Open sunsibar opened 2 years ago
It is hard to say whether and how well HIRO will work out-of-the-box on a new environment, but here are my immediate reactions to your post:
Thank you for your comments on what will likely go wrong / would need to be adjusted. It seems we would need to address the second point, especially, if we want to try to make this work, and that a major modification would be necessary. That's all helpful to know.

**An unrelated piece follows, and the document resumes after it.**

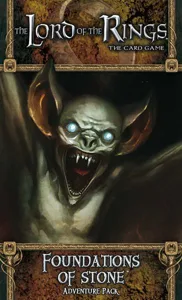 The Lord of the Rings: The Card Game – Foundations of Stone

1. The entire URL of the file you are using:
https://github.com/tensorflow/models/tree/master/research/efficient-hrl
2. Describe the feature you request
Similar to issue #10384 , I would like to use efficient-hrl for a new environment. I would like to start a list of steps to take here, by listing what I did so far and what still does not seem to function. I would be grateful for corrections and help with the parts that do not work yet.
3. Additional context
The environment I want to add is very different from the ant environments, i.e., I will need to use the environment reward instead of the ant-specific reward built into HIRO.
What helped me was the comment in issue #10384 , that these parameters needs to be adjusted in the .gym file:
meta/Context.reward_fn = @task/plain_rewards
While this can be set to zero, as it should not be used when using plain_rewards as meta loss:
meta_context_range = ((0, 0), (0, 0))
My changes to the .gin environment configuration:
create_maze_env.env_name = ...
context_range = (0, 256)
( I had to drop some assertions in the code to make context_range, context_shape, and meta_context_range compatible with each other. Why doesmeta_context_range
consist of two tuples originally?meta_context_range = (0, 0)

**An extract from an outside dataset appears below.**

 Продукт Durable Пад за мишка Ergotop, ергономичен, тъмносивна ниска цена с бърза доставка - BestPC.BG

SUBGOAL_DIM = <size of 1-dimensional state space>
RESET_EPISODE_PERIOD = <maximum duration of an episode in new env>
meta/Context.reward_fn = @task/plain_rewards
Config rewards
[ preserved ]
Config samplers
[ preserved ]
Also preserved, but uncertain what these mean:
eval1/ConstantSampler.value = [16, 0] eval2/ConstantSampler.value = [16, 16] eval3/ConstantSampler.value = [0, 16]
eval_utils.py
, incompute_average_rewards
: Replace the success condition, for example:success = (s_reward > 0)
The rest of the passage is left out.